(Records provided Opens)

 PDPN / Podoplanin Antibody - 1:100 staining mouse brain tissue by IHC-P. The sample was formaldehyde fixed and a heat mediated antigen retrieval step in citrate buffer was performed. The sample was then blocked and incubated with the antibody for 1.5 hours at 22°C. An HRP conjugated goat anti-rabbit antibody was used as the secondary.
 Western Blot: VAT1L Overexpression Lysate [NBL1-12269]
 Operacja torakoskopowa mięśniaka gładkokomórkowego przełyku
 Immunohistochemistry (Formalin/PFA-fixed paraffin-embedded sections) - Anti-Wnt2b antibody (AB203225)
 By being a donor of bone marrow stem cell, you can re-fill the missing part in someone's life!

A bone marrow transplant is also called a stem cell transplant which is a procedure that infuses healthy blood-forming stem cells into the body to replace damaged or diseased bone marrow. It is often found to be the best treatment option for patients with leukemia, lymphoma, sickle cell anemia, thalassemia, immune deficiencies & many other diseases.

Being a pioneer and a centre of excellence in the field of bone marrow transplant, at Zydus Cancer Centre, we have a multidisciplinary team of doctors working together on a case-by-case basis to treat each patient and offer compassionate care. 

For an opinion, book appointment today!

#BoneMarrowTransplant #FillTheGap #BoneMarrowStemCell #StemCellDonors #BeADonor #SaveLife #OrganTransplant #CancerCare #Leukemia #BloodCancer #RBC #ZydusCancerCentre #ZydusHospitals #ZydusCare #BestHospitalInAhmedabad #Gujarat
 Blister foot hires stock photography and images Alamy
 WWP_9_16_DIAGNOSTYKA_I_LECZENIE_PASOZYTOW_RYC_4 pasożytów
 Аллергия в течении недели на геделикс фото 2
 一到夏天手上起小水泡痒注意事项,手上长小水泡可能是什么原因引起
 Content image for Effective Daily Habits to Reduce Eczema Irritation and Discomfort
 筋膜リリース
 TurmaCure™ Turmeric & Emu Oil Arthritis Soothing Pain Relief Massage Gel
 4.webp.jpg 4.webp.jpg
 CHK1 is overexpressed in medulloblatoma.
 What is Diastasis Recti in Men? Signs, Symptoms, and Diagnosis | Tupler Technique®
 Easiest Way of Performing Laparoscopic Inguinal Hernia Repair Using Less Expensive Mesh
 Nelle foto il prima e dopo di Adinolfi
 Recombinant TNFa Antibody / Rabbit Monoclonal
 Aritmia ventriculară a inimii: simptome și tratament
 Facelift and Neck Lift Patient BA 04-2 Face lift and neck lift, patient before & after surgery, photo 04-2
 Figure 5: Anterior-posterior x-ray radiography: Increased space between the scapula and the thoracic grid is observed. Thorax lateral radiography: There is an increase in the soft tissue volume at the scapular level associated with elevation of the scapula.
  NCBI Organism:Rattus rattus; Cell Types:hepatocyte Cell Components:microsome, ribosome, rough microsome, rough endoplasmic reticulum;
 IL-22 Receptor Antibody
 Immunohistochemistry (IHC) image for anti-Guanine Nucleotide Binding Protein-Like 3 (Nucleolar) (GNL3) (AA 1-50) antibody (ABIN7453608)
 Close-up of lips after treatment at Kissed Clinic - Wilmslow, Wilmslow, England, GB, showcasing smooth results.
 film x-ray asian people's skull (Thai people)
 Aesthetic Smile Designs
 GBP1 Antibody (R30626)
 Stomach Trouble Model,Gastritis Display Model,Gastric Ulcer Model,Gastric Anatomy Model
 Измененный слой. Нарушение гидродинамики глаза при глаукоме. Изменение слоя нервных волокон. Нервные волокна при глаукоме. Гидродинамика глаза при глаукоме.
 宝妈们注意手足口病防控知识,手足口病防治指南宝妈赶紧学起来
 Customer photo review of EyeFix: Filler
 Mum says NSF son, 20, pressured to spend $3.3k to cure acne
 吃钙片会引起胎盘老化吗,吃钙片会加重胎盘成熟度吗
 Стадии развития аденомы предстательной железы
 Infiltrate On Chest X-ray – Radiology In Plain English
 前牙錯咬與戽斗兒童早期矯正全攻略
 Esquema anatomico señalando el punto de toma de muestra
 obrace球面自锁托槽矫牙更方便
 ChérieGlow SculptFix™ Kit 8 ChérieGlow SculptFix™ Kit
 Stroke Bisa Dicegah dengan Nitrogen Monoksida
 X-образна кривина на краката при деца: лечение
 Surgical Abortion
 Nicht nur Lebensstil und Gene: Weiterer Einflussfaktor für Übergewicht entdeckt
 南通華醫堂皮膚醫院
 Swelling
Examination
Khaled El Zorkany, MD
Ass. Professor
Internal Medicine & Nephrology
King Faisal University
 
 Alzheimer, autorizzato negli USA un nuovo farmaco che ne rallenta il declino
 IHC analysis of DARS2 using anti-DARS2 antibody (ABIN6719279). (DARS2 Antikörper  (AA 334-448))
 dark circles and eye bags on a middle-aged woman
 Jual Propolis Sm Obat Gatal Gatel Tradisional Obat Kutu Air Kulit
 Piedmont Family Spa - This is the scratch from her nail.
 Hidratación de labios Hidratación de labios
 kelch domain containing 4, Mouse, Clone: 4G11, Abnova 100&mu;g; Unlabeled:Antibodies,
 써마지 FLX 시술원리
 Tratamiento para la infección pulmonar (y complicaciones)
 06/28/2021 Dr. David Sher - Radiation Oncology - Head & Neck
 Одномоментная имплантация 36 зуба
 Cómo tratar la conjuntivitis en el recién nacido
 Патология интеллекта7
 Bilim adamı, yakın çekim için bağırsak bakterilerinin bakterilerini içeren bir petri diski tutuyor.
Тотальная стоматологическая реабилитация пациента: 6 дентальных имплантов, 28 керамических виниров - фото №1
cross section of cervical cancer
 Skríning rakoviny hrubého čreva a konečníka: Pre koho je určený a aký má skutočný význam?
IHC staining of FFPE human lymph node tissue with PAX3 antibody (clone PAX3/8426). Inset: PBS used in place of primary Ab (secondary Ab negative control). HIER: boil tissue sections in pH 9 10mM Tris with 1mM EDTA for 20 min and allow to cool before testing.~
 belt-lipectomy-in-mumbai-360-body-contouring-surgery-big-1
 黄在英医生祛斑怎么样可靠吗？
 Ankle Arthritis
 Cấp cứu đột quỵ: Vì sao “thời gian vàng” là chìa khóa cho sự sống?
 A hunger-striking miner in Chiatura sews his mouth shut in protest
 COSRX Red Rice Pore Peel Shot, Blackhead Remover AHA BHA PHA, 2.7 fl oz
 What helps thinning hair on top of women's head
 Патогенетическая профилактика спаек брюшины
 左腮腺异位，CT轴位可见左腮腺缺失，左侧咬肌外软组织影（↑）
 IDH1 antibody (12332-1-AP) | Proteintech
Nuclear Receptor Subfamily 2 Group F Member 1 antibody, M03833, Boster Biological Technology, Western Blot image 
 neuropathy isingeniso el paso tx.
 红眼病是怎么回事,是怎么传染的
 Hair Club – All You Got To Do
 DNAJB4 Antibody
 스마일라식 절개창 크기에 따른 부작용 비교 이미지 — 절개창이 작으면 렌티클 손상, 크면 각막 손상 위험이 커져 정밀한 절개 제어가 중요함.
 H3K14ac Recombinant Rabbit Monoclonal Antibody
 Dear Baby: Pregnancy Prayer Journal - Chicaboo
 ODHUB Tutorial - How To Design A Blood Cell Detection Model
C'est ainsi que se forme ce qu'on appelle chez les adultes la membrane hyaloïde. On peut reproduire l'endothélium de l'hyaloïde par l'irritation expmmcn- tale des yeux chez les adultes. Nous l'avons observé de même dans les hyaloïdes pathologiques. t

(Records provided Closes)

_Work order_. A complete, exact copy of the records is what is needed.

_Solution to the problem_.
 PDPN / Podoplanin Antibody - 1:100 staining mouse brain tissue by IHC-P. The sample was formaldehyde fixed and a heat mediated antigen retrieval step in citrate buffer was performed. The sample was then blocked and incubated with the antibody for 1.5 hours at 22°C. An HRP conjugated goat anti-rabbit antibody was used as the secondary.
 Western Blot: VAT1L Overexpression Lysate [NBL1-12269]
 Operacja torakoskopowa mięśniaka gładkokomórkowego przełyku
 Immunohistochemistry (Formalin/PFA-fixed paraffin-embedded sections) - Anti-Wnt2b antibody (AB203225)
 By being a donor of bone marrow stem cell, you can re-fill the missing part in someone's life!

A bone marrow transplant is also called a stem cell transplant which is a procedure that infuses healthy blood-forming stem cells into the body to replace damaged or diseased bone marrow. It is often found to be the best treatment option for patients with leukemia, lymphoma, sickle cell anemia, thalassemia, immune deficiencies & many other diseases.

Being a pioneer and a centre of excellence in the field of bone marrow transplant, at Zydus Cancer Centre, we have a multidisciplinary team of doctors working together on a case-by-case basis to treat each patient and offer compassionate care. 

For an opinion, book appointment today!

#BoneMarrowTransplant #FillTheGap #BoneMarrowStemCell #StemCellDonors #BeADonor #SaveLife #OrganTransplant #CancerCare #Leukemia #BloodCancer #RBC #ZydusCancerCentre #ZydusHospitals #ZydusCare #BestHospitalInAhmedabad #Gujarat
 Blister foot hires stock photography and images Alamy
 WWP_9_16_DIAGNOSTYKA_I_LECZENIE_PASOZYTOW_RYC_4 pasożytów
 Аллергия в течении недели на геделикс фото 2
 一到夏天手上起小水泡痒注意事项,手上长小水泡可能是什么原因引起
 Content image for Effective Daily Habits to Reduce Eczema Irritation and Discomfort
 筋膜リリース
 TurmaCure™ Turmeric & Emu Oil Arthritis Soothing Pain Relief Massage Gel
 4.webp.jpg 4.webp.jpg
 CHK1 is overexpressed in medulloblatoma.
 What is Diastasis Recti in Men? Signs, Symptoms, and Diagnosis | Tupler Technique®
 Easiest Way of Performing Laparoscopic Inguinal Hernia Repair Using Less Expensive Mesh
 Nelle foto il prima e dopo di Adinolfi
 Recombinant TNFa Antibody / Rabbit Monoclonal
 Aritmia ventriculară a inimii: simptome și tratament
 Facelift and Neck Lift Patient BA 04-2 Face lift and neck lift, patient before & after surgery, photo 04-2
 Figure 5: Anterior-posterior x-ray radiography: Increased space between the scapula and the thoracic grid is observed. Thorax lateral radiography: There is an increase in the soft tissue volume at the scapular level associated with elevation of the scapula.
  NCBI Organism:Rattus rattus; Cell Types:hepatocyte Cell Components:microsome, ribosome, rough microsome, rough endoplasmic reticulum;
 IL-22 Receptor Antibody
 Immunohistochemistry (IHC) image for anti-Guanine Nucleotide Binding Protein-Like 3 (Nucleolar) (GNL3) (AA 1-50) antibody (ABIN7453608)
 Close-up of lips after treatment at Kissed Clinic - Wilmslow, Wilmslow, England, GB, showcasing smooth results.
 film x-ray asian people's skull (Thai people)
 Aesthetic Smile Designs
 GBP1 Antibody (R30626)
 Stomach Trouble Model,Gastritis Display Model,Gastric Ulcer Model,Gastric Anatomy Model
 Измененный слой. Нарушение гидродинамики глаза при глаукоме. Изменение слоя нервных волокон. Нервные волокна при глаукоме. Гидродинамика глаза при глаукоме.
 宝妈们注意手足口病防控知识,手足口病防治指南宝妈赶紧学起来
 Customer photo review of EyeFix: Filler
 Mum says NSF son, 20, pressured to spend $3.3k to cure acne
 吃钙片会引起胎盘老化吗,吃钙片会加重胎盘成熟度吗
 Стадии развития аденомы предстательной железы
 Infiltrate On Chest X-ray – Radiology In Plain English
 前牙錯咬與戽斗兒童早期矯正全攻略
 Esquema anatomico señalando el punto de toma de muestra
 obrace球面自锁托槽矫牙更方便
 ChérieGlow SculptFix™ Kit 8 ChérieGlow SculptFix™ Kit
 Stroke Bisa Dicegah dengan Nitrogen Monoksida
 X-образна кривина на краката при деца: лечение
 Surgical Abortion
 Nicht nur Lebensstil und Gene: Weiterer Einflussfaktor für Übergewicht entdeckt
 南通華醫堂皮膚醫院
 Swelling
Examination
Khaled El Zorkany, MD
Ass. Professor
Internal Medicine & Nephrology
King Faisal University
 
 Alzheimer, autorizzato negli USA un nuovo farmaco che ne rallenta il declino
 IHC analysis of DARS2 using anti-DARS2 antibody (ABIN6719279). (DARS2 Antikörper  (AA 334-448))
 dark circles and eye bags on a middle-aged woman
 Jual Propolis Sm Obat Gatal Gatel Tradisional Obat Kutu Air Kulit
 Piedmont Family Spa - This is the scratch from her nail.
 Hidratación de labios Hidratación de labios
 kelch domain containing 4, Mouse, Clone: 4G11, Abnova 100&mu;g; Unlabeled:Antibodies,
 써마지 FLX 시술원리
 Tratamiento para la infección pulmonar (y complicaciones)
 06/28/2021 Dr. David Sher - Radiation Oncology - Head & Neck
 Одномоментная имплантация 36 зуба
 Cómo tratar la conjuntivitis en el recién nacido
 Патология интеллекта7
 Bilim adamı, yakın çekim için bağırsak bakterilerinin bakterilerini içeren bir petri diski tutuyor.
Тотальная стоматологическая реабилитация пациента: 6 дентальных имплантов, 28 керамических виниров - фото №1
cross section of cervical cancer
 Skríning rakoviny hrubého čreva a konečníka: Pre koho je určený a aký má skutočný význam?
IHC staining of FFPE human lymph node tissue with PAX3 antibody (clone PAX3/8426). Inset: PBS used in place of primary Ab (secondary Ab negative control). HIER: boil tissue sections in pH 9 10mM Tris with 1mM EDTA for 20 min and allow to cool before testing.~
 belt-lipectomy-in-mumbai-360-body-contouring-surgery-big-1
 黄在英医生祛斑怎么样可靠吗？
 Ankle Arthritis
 Cấp cứu đột quỵ: Vì sao “thời gian vàng” là chìa khóa cho sự sống?
 A hunger-striking miner in Chiatura sews his mouth shut in protest
 COSRX Red Rice Pore Peel Shot, Blackhead Remover AHA BHA PHA, 2.7 fl oz
 What helps thinning hair on top of women's head
 Патогенетическая профилактика спаек брюшины
 左腮腺异位，CT轴位可见左腮腺缺失，左侧咬肌外软组织影（↑）
 IDH1 antibody (12332-1-AP) | Proteintech
Nuclear Receptor Subfamily 2 Group F Member 1 antibody, M03833, Boster Biological Technology, Western Blot image 
 neuropathy isingeniso el paso tx.
 红眼病是怎么回事,是怎么传染的
 Hair Club – All You Got To Do
 DNAJB4 Antibody
 스마일라식 절개창 크기에 따른 부작용 비교 이미지 — 절개창이 작으면 렌티클 손상, 크면 각막 손상 위험이 커져 정밀한 절개 제어가 중요함.
 H3K14ac Recombinant Rabbit Monoclonal Antibody
 Dear Baby: Pregnancy Prayer Journal - Chicaboo
 ODHUB Tutorial - How To Design A Blood Cell Detection Model
C'est ainsi que se forme ce qu'on appelle chez les adultes la membrane hyaloïde. On peut reproduire l'endothélium de l'hyaloïde par l'irritation expmmcn- tale des yeux chez les adultes. Nous l'avons observé de même dans les hyaloïdes pathologiques. t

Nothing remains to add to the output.